**EXERCISE**
Transcribe the data exactly, stopping after the "Дата=Май 26, 2008 street.jpg" line.

**RECORD SET**

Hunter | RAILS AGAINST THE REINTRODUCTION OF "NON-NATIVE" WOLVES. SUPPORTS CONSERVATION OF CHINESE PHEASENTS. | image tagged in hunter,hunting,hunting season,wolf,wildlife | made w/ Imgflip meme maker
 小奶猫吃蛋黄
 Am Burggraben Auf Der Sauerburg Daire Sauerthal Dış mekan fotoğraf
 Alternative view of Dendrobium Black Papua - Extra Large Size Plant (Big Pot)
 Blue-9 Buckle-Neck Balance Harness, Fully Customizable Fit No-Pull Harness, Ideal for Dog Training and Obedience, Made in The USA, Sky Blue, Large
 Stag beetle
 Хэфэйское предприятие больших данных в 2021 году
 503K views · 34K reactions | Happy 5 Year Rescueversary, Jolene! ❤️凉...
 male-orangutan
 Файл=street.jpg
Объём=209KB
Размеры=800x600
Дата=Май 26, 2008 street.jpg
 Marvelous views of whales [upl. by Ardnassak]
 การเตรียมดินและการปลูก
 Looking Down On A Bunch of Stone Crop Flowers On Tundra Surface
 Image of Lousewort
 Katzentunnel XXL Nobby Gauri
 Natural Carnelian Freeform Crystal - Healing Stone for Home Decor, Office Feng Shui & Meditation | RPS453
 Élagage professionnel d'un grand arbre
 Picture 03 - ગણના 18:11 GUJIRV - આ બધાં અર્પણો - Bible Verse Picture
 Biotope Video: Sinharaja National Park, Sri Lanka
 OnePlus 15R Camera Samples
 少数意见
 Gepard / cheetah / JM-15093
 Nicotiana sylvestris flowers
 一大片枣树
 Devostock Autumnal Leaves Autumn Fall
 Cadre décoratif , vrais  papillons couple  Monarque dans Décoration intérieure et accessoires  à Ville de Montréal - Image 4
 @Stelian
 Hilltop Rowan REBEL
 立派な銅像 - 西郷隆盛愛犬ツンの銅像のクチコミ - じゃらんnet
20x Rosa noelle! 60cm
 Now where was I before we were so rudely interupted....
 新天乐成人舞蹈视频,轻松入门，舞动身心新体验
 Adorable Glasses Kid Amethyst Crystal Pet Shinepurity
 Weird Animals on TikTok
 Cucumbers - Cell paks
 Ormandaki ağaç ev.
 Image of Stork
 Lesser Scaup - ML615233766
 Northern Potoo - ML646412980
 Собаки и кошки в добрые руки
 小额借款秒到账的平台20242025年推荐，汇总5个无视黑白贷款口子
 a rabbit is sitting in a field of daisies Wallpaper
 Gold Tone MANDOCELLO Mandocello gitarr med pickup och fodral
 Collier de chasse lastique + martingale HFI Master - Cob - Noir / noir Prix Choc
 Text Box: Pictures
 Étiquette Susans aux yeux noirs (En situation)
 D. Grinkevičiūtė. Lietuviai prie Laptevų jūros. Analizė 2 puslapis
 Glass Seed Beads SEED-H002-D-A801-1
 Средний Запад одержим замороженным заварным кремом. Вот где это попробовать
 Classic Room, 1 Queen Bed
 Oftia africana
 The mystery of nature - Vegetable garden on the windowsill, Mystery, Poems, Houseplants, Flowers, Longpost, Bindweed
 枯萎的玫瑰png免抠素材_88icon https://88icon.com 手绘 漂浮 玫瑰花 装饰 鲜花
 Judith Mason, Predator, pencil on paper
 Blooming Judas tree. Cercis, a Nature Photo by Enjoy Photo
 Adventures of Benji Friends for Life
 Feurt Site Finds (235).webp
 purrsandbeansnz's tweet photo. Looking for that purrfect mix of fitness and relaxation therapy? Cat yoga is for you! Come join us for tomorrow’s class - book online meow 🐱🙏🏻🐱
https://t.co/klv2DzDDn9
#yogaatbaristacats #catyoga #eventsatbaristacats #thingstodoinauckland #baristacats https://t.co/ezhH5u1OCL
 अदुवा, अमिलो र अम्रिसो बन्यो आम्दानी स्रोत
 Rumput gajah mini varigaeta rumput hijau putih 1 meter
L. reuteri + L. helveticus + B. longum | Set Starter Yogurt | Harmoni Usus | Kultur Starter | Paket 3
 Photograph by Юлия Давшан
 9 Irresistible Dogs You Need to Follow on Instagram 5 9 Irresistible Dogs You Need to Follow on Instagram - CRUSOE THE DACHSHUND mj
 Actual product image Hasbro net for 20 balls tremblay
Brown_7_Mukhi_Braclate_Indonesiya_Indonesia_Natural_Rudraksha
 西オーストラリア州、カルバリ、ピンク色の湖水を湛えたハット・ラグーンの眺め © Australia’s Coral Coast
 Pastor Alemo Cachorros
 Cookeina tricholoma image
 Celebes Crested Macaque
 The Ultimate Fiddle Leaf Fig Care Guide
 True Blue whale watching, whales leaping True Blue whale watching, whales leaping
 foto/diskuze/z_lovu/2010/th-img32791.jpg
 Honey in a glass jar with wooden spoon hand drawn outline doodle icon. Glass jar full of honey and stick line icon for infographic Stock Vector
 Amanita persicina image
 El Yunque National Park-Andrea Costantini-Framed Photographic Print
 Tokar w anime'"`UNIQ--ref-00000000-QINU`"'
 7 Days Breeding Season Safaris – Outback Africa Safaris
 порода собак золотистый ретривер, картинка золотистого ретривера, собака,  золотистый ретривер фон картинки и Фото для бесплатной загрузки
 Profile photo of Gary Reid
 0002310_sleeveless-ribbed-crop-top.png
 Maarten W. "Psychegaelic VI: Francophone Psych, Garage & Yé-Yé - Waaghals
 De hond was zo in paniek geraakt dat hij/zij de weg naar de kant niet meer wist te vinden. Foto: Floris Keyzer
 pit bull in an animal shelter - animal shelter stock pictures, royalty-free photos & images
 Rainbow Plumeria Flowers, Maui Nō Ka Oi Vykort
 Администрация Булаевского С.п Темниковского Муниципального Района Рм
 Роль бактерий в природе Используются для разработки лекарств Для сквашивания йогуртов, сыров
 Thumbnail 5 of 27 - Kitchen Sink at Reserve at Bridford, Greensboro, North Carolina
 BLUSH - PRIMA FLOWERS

**YOUR SOLUTION**
Hunter | RAILS AGAINST THE REINTRODUCTION OF "NON-NATIVE" WOLVES. SUPPORTS CONSERVATION OF CHINESE PHEASENTS. | image tagged in hunter,hunting,hunting season,wolf,wildlife | made w/ Imgflip meme maker
 小奶猫吃蛋黄
 Am Burggraben Auf Der Sauerburg Daire Sauerthal Dış mekan fotoğraf
 Alternative view of Dendrobium Black Papua - Extra Large Size Plant (Big Pot)
 Blue-9 Buckle-Neck Balance Harness, Fully Customizable Fit No-Pull Harness, Ideal for Dog Training and Obedience, Made in The USA, Sky Blue, Large
 Stag beetle
 Хэфэйское предприятие больших данных в 2021 году
 503K views · 34K reactions | Happy 5 Year Rescueversary, Jolene! ❤️凉...
 male-orangutan
 Файл=street.jpg
Объём=209KB
Размеры=800x600
Дата=Май 26, 2008 street.jpg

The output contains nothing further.